NEW YORK (Reuters Health) - MRI is more accurate than ultrasound for diagnosing fetal brain abnormalities in utero, according to results from the MERIDIAN study.

"Any pregnancy complicated by a fetal brain abnormality should be offered an in utero MRI (iuMRI)," Cara Mooney, MERIDIAN study manager from the University of Sheffield in the U.K., told Reuters Health by email.

Fetal imaging with ultrasonography is the mainstay of antenatal screening programs and detailed anomaly scanning in the U.K., but studies have suggested that iuMRI might be a useful adjunct for detecting fetal brain abnormalities.

Mooney and colleagues investigated the diagnostic performance, clinical impact, and acceptability of iuMRI to pregnant women for the prenatal diagnosis of fetal brain abnormalities.

The overall diagnostic accuracy of iuMRI was 93%, compared with 68% for ultrasound, according to the study, online December 14 in The Lancet.

Incorrect ultrasound reports were corrected by iuMRI in 25% of cases, whereas only two fetuses (

The dominant diagnosis was reported with high confidence on ultrasound in 82% of cases compared with 95% on iuMRI.

In 49% of cases, iuMRI provided additional diagnostic information and in at least 20% it changed prognostic information (improving the prognosis in 13% and worsening it in 12%).

At least 95% of women said they would have an iuMRI study if a future pregnancy were complicated by a fetal brain abnormality.

"These findings should influence our diagnosis of fetal brain abnormalities by introducing iuMRI into the diagnostic clinical pathway in any pregnancy where a fetal brain abnormality is suspected on ultrasound," Mooney concluded. "The improved accuracy and higher confidence of the information provided by iuMRI will better inform the counseling and management decisions of the pregnancy."

Dr. Rodney C. Scott from the University of Vermont College of Medicine in Burlington, who coauthored an accompanying commentary, told Reuters Health by email, "The primary result that iuMRI is a better tool for the diagnosis of fetal brain abnormalities than the current gold standard of ultrasound is a critically important result. This result is entirely unsurprising but nevertheless needed to be rigorously shown."

"iuMRI will allow fetal medicine practitioners to provide detailed and accurate information to parents, making shared decision making more reliable," he said. "The decisions that need to be taken are extremely difficult for parents, and those difficulties are enormously greater when the physician is not able to be definitive about the nature of the brain abnormality."

"However," Dr. Scott added, "the precise relationship between the abnormality and outcome in the baby still needs to be defined more clearly. Follow-up of babies included in studies like MERIDIAN will ultimately provide this information, further increasing the value of iuMRI."
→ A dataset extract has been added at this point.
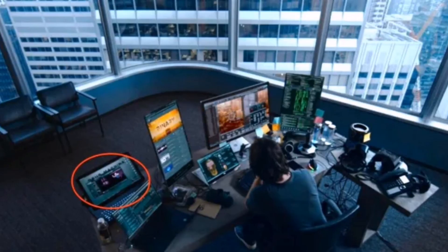Number 7: Possible Lana Cameo. Fans on the Matrix Reddit speculate that director Lana Wachowski made a cameo in Neo's computer in this scene. What do you guys think? Is that Lana Wachowski?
Dr. Catherine Limperopoulos from Children's National Health System in Washington, D.C., who has published extensively on fetal brain development and its assessment, told Reuters Health by email, "The study clearly demonstrates the added diagnostic benefit of performing in utero MRI for fetuses with a possible brain abnormality on ultrasound that results in vital changes in counseling and management of the high-risk pregnancy."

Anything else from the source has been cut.